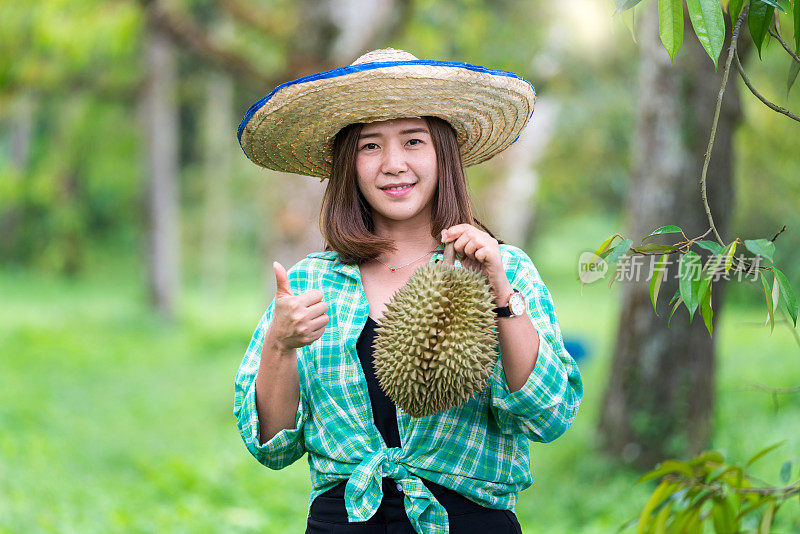年轻女子在榴莲农场竖起大拇指。亚洲妇女在榴莲园中展示月龙的榴莲。Chanthaburi、泰国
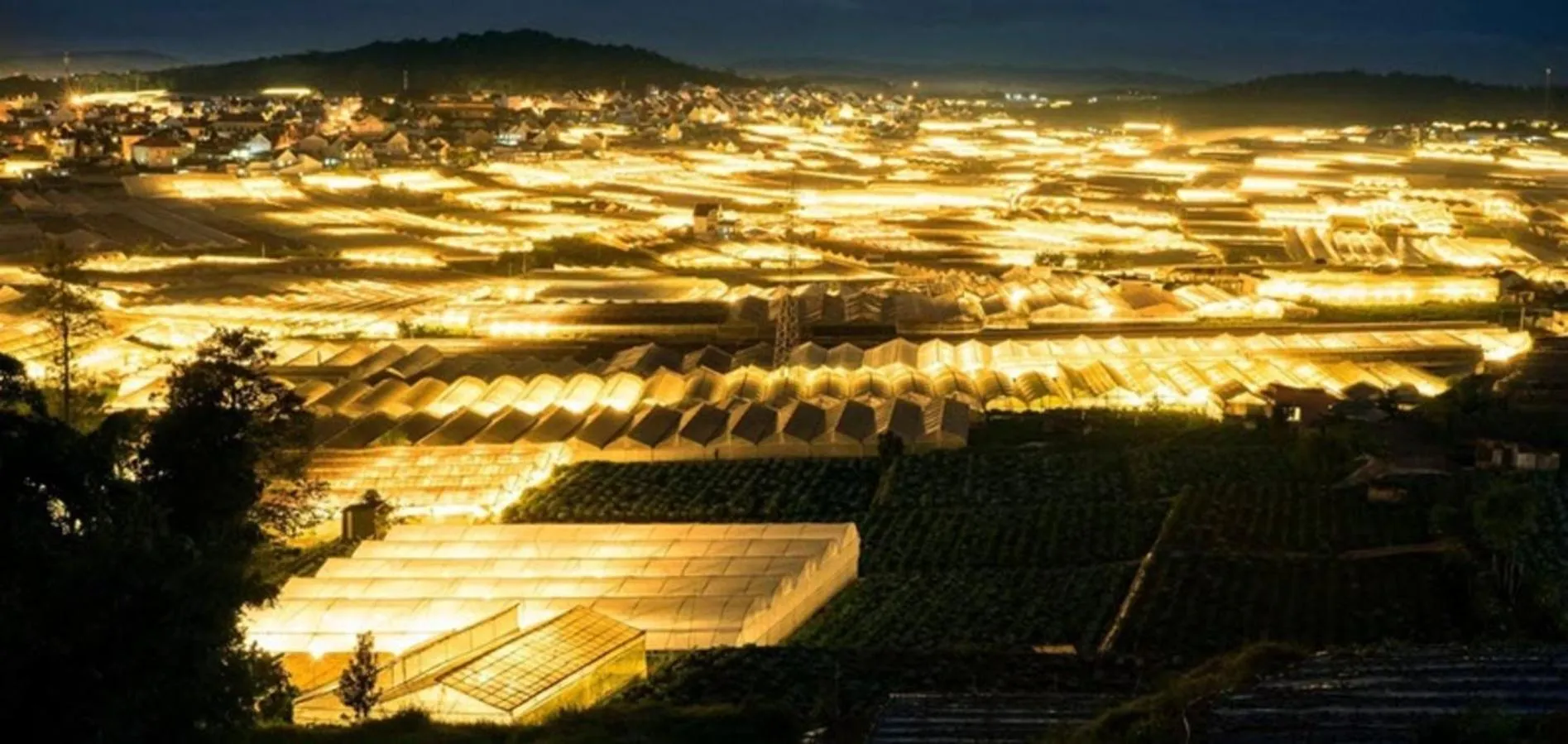 Night in ANH ĐÀO HOTEL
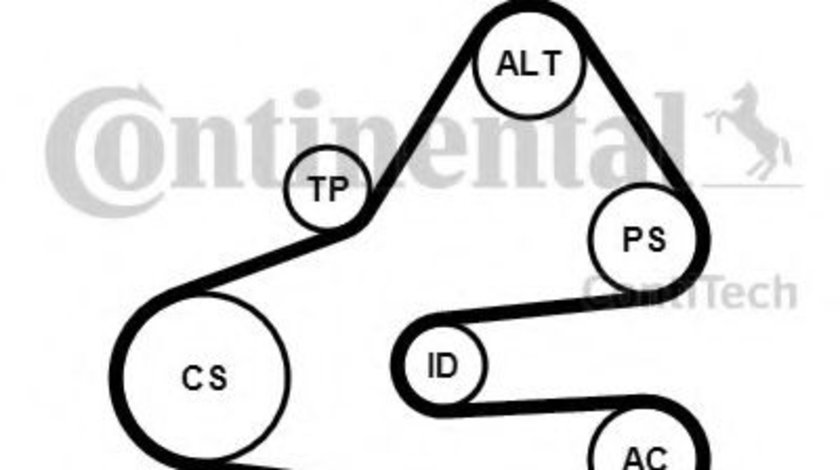Set curea transmisie cu caneluri AUDI A4 Avant (8ED, B7) (2004 - 2008) CONTITECH 6PK1613K1 piesa NOUA
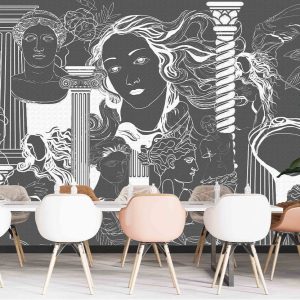 Gri Venüs Duvar Kağıdı H0068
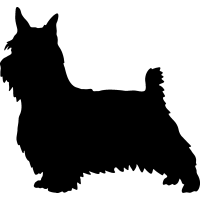Silky Terrier clipart #10, Download drawings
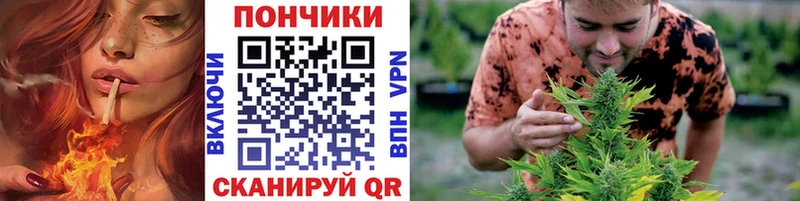 Бошки Шишки планчик  Правдинск 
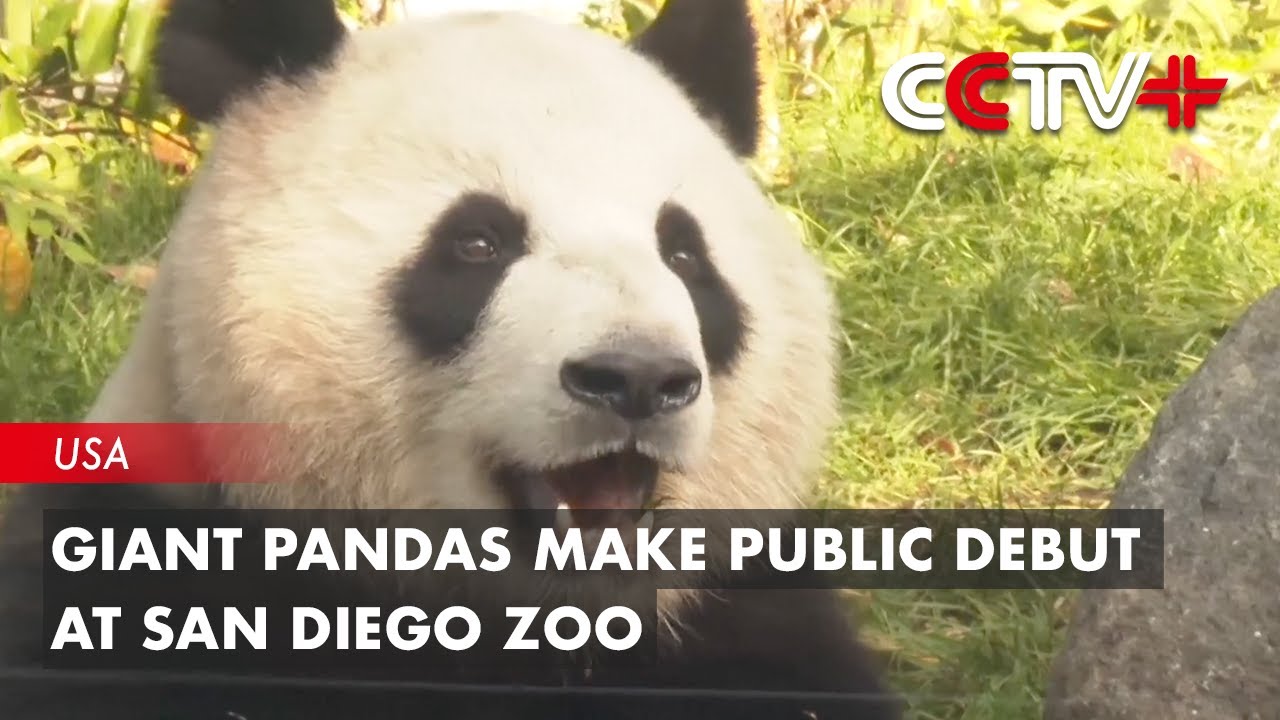 Giant pandas make public debut at san diego zoo mci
☆ ☆ ☆ ☆ ☆
**ABOUT THIS EXERCISE:**
Your answer must be an exact copy of the lines from the one with "Set curea transmisie" through the final line of the data, both included, without any pictures.

**PROBLEM SOLUTION:**
Set curea transmisie cu caneluri AUDI A4 Avant (8ED, B7) (2004 - 2008) CONTITECH 6PK1613K1 piesa NOUA
 Gri Venüs Duvar Kağıdı H0068
Silky Terrier clipart #10, Download drawings
 Бошки Шишки планчик  Правдинск 
 Giant pandas make public debut at san diego zoo mci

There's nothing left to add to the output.